Data block:

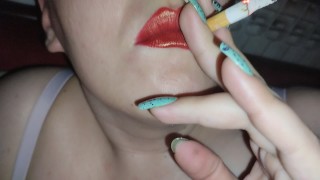 Fumer Avec Du Rouge À Lèvres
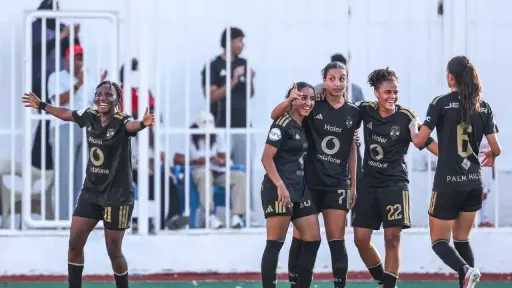 سيدات الأهلي يفزن على الزمالك بنصف دستة أهداف سيدات الأهلي يفزن على الزمالك بنصف دستة أهداف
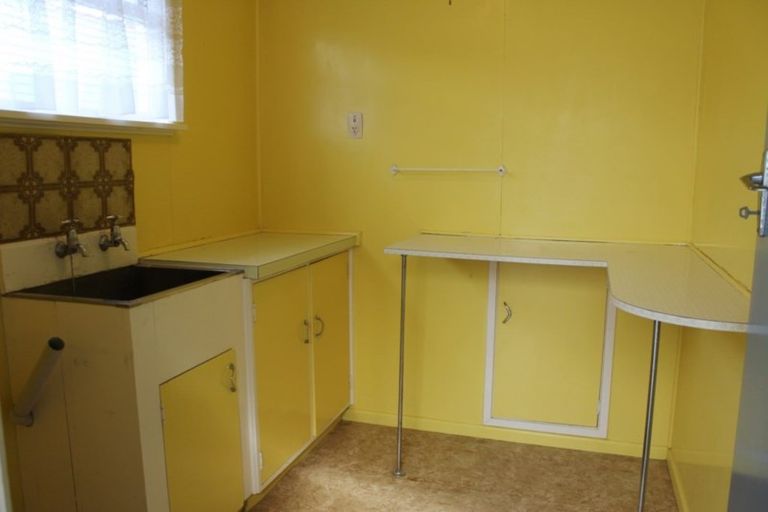 Photo of property in 3 Martin Street, Waikanae, 5036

What you need to do: Leaving the pictures behind, return every line above exactly.

Solution for this problem:
 Fumer Avec Du Rouge À Lèvres
 سيدات الأهلي يفزن على الزمالك بنصف دستة أهداف سيدات الأهلي يفزن على الزمالك بنصف دستة أهداف
 Photo of property in 3 Martin Street, Waikanae, 5036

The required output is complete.